She was pretty goddamn tough, all right. Once, when she was only nineteen years old, she led 150 fellow women workers in a strike that closed down National Shipping. This was during the Depression and the company was fighting for its life, so naturally they hired a new staff and tried to keep operating. But Ethel led the girls in an illegal riot that terrorized the non-union girls and shut the plant down again, in spite of the protective efforts of the whole New York City police force. When a delivery truck tried to crash the picket line, Ethel and the girls hauled the driver from his cab, stripped him bare, and lipsticked his butt with I AM A SCAB. My own butt tingled with the thought of it. When more trucks came, they blocked up the streets, threw themselves down in front of the wheels, slashed up the trucks’ cargo, and pitched it all out in the gutters. Later, in the war, she got a job at the Census Bureau in Washington, the same time I was there in the OPA. We might have met. Julius was back in New York. “It’s all right, miss — after all, I am Dick Nixon of the OPA.…” I grinned to myself. Yet I supposed she was a lot like the people I hated so much in that place — all those ruthless, self-serving, supercilious, cynical wheeler-dealers. That old violent big-city New Deal crowd — we were still trying to get rid of the sonsabitches. Everybody maneuvering for advancement, managing to make a little work look like a lot so as to build their little pyramids — I discovered I could have done the work of the entire OPA all by myself and still take long weekends, but when I tried to introduce a little efficiency, they ostracized me. If anything turned me into a conservative, it was that six months in the OPA. Maybe Ethel was the one most like Hiss…. On the other hand, she didn’t last long there either, maybe she was as unhappy as I was. Now she sobbed herself to sleep at nights, hugged her pillow so tightly she got cramps, was frightened by mice, needed cold compresses to soothe her migraines. Poor Ethel…
I stared gloomily at the paper strewn across my office floor. Which was real, I wondered, the paper or the people? In a few hours, Julius and Ethel Rosenberg would be dead, their poor remains worth less than that horseshit I’d stepped in, and the paper too could be burnt, but what was on it would survive. Or could survive, it was a matter of luck. Luck and human need: the zeal for pattern. For story. And they’d been seduced by this. If they could say to hell with History, they’d be home free.
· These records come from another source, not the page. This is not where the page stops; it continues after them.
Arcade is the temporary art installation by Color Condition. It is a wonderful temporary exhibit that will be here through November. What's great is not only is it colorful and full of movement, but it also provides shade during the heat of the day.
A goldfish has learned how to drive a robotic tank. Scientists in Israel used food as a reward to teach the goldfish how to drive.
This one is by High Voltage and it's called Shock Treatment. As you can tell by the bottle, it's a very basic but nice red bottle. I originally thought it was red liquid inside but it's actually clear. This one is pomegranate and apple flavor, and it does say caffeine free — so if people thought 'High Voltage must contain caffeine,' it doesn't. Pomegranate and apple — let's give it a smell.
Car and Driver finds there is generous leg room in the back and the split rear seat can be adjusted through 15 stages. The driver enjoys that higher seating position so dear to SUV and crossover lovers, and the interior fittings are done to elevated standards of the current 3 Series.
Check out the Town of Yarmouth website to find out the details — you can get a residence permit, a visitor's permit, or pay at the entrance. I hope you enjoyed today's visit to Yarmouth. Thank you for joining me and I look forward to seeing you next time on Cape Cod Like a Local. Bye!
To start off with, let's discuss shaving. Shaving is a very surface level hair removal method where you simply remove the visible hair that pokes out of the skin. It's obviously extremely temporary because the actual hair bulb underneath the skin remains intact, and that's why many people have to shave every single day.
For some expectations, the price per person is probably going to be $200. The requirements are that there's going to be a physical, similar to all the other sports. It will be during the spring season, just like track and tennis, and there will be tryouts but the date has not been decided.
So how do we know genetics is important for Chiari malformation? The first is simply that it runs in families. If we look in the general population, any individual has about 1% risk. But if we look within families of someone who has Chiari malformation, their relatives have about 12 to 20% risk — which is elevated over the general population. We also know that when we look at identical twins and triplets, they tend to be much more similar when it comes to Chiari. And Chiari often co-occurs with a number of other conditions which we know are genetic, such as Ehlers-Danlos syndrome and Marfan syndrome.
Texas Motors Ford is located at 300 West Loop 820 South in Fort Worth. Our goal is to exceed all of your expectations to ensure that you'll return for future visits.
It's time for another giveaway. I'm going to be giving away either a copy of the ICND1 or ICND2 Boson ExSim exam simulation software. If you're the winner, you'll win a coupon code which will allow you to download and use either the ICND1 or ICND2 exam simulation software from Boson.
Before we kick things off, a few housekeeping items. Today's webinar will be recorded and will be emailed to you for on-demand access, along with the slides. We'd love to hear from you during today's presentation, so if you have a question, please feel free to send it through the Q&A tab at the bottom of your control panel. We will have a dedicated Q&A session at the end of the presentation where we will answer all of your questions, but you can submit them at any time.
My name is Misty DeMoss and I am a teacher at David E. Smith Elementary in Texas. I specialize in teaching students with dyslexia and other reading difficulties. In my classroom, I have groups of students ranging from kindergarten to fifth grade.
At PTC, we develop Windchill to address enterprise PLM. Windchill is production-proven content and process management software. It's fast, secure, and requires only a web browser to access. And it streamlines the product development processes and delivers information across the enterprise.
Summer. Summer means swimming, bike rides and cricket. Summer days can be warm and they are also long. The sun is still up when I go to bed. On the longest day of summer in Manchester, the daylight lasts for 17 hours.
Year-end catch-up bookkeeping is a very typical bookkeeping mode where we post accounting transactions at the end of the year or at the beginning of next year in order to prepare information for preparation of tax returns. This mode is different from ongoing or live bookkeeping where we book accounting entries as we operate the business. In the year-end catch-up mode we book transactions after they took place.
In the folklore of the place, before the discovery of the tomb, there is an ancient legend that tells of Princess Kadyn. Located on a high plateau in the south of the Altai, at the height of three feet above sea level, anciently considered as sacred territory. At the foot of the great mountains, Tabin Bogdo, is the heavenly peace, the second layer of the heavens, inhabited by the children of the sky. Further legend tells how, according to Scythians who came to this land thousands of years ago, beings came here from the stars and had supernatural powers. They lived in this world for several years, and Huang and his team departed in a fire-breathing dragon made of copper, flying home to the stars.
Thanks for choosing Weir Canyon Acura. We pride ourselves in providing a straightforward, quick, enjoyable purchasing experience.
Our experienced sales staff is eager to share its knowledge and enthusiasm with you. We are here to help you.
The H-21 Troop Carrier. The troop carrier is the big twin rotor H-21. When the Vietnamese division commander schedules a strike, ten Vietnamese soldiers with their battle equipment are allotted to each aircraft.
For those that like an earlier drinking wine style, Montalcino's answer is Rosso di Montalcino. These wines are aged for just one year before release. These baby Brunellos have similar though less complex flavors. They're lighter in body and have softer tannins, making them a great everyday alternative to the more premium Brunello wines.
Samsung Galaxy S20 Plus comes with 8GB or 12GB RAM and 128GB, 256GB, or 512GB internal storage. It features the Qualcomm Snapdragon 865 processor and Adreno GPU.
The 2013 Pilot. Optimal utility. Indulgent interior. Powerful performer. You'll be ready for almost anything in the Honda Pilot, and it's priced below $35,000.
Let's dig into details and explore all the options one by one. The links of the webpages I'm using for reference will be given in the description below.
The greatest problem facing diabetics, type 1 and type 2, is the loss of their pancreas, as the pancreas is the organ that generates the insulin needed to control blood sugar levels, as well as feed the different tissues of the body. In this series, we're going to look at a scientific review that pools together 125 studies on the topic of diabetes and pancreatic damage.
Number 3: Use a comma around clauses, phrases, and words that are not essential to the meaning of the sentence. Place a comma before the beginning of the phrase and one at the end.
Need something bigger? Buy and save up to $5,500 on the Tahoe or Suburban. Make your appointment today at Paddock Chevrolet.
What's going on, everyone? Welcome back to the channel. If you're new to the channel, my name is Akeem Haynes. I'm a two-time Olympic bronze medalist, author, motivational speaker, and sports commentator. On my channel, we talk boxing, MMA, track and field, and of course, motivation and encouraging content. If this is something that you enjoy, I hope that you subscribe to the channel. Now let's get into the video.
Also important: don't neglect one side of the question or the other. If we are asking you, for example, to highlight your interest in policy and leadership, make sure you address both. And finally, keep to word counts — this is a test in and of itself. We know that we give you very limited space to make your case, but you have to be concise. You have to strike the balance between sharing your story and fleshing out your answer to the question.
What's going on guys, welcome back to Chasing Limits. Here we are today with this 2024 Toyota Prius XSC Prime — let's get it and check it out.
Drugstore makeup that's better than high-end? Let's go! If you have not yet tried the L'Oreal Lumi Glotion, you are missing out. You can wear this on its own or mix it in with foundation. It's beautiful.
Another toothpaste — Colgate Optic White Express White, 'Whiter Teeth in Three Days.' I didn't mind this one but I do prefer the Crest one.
The poor damned fools. Maybe this was yet another consequence of growing up in the city. One of the first shocks a country boy gets when he leaves home is the discovery that no one has been logging all that terrific history he’s been living through. Until he thrusts himself into the urban fracas, he might as well never have lived at all, as far as History was concerned. In fact, part of the fun of becoming famous was to bend the light back on the old home town and stun them with their own previously unnoticed actuality, make guys like Gail Jobe and Tom Bewley jump and stutter. Yet, I knew what the Rosenbergs felt, because I had felt it, too.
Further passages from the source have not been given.